But there is also another approach which does not use any script in this example case..
もっとも、この例の場合にはスクリプトを使わないアプローチもあるのですが。

... yup, found out the solution at last, in which I've used the buffering trick.
... お、やっと見つけました。バッファリングを使ったソリューション。
FME Community Answers > Aggregating polygons near to one another

=====
2014-11-27: I published a custom transformer called "ListCombiner" in the FME Store, which can be applied to the scenario example above. This screenshot illustrates a usage example.
上のシナリオ例に適用できる"ListCombiner"というカスタムトランスフォーマーをFME Storeで公開しました。このスクリーンショットは使用例を示しています。

2014-11-15

Sorting Lines Divided by PointOnLineOverlayer

PointOnLineOverlayerによって分割されたラインの並べ替え

The PointOnLineOverlayer can be used to divide a line at one or more points located onto the line. But the output order of the resultant lines is arbitrary, they will not be sorted along the original line in the direction to the end node from the start node.
The outputting order may not be important in many cases, but there could also be some cases where sorting is required.
PointOnLineOverlayerは、ライン上にあるひとつ以上のポイントによってそのラインを分割するのに使えます。しかし、作成されたラインの出力順は任意であり、元のラインの始点から終点の方向の順になるとは限りません。
多くの場合、出力順は重要ではないかも知れませんが、並べ替えが必要になる場合もあり得ます。

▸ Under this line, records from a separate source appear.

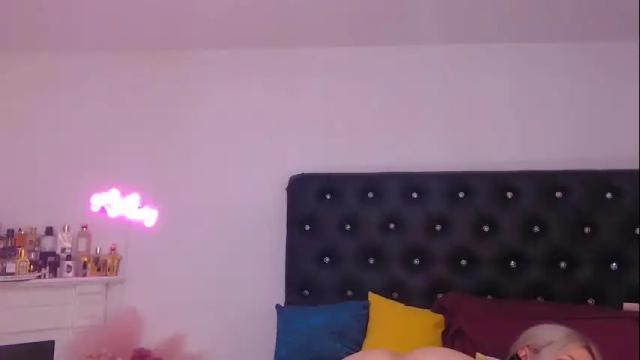 Image 6 of missycrystal Stream on Chaturbate on 1 month ago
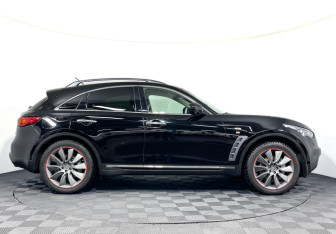 Подержанный автомобиль Infiniti FX 2010 года (4 фото)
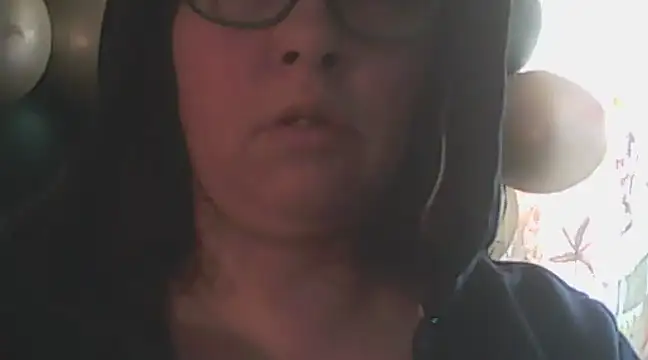 Snapshot of deluxpussy chatting on 02.26.25 deluxpussy online show from 02.26.25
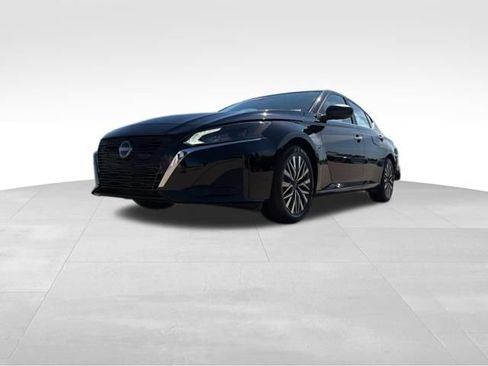 Used 2025 Nissan Altima 2.5 SV FWD image 5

If the original line is always pointing to east (max X) from west (min X) like the image, divided lines can be sorted by the X coordinate of the start node. In general cases, similarly, they can be sorted by measure values of their start nodes.
1) Insert a MeasureGenerator before the PointOnLineOverlayer.
2) Add a MeasureExtractor to extract measure value of the start node for each resulting line.
Type: Individual Vertex by Index
Destination Attribute of Point or Vertex: _point_measure
Index: 0
3) Add a Sorter to sort the lines by "_point_measure" ascending.
Naturally, use the original line ID attribute as the primary sort key if there are multiple input lines.
図のように、元のラインが常に西（X最小）から東（X最大）の方向を向いているならば、分割されたラインは始点のX座標によって並べ替えることができます。同様に、一般的にはそれらの始点のメジャー値によって並べ替えられます。
1) MeasureGeneratorをPointOnLineOverlayerの前に挿入する。
2) MeasureExtractorを追加し、結果として得られた各ライン始点のメジャー値を抽出する。
Type: Individual Vertex by Index
Destination Attribute of Point or Vertex: _point_measure
Index: 0

3) Sorterを追加し、"_point_measure"の昇順によってラインを並べ替える。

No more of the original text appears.